To do: Make an exact copy of every entry, from the first line to the last.

Data:
=== Begin Enclosure ===

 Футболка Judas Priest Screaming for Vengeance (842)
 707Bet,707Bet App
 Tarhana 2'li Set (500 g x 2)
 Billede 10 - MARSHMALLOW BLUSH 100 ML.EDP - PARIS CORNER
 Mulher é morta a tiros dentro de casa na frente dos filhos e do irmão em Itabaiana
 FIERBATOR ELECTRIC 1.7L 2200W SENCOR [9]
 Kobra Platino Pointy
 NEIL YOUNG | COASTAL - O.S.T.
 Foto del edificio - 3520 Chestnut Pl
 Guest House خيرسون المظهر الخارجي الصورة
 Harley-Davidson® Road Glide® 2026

=== End Enclosure ===

Result of the task:
 Футболка Judas Priest Screaming for Vengeance (842)
 707Bet,707Bet App
 Tarhana 2'li Set (500 g x 2)
 Billede 10 - MARSHMALLOW BLUSH 100 ML.EDP - PARIS CORNER
 Mulher é morta a tiros dentro de casa na frente dos filhos e do irmão em Itabaiana
 FIERBATOR ELECTRIC 1.7L 2200W SENCOR [9]
 Kobra Platino Pointy
 NEIL YOUNG | COASTAL - O.S.T.
 Foto del edificio - 3520 Chestnut Pl
 Guest House خيرسون المظهر الخارجي الصورة
 Harley-Davidson® Road Glide® 2026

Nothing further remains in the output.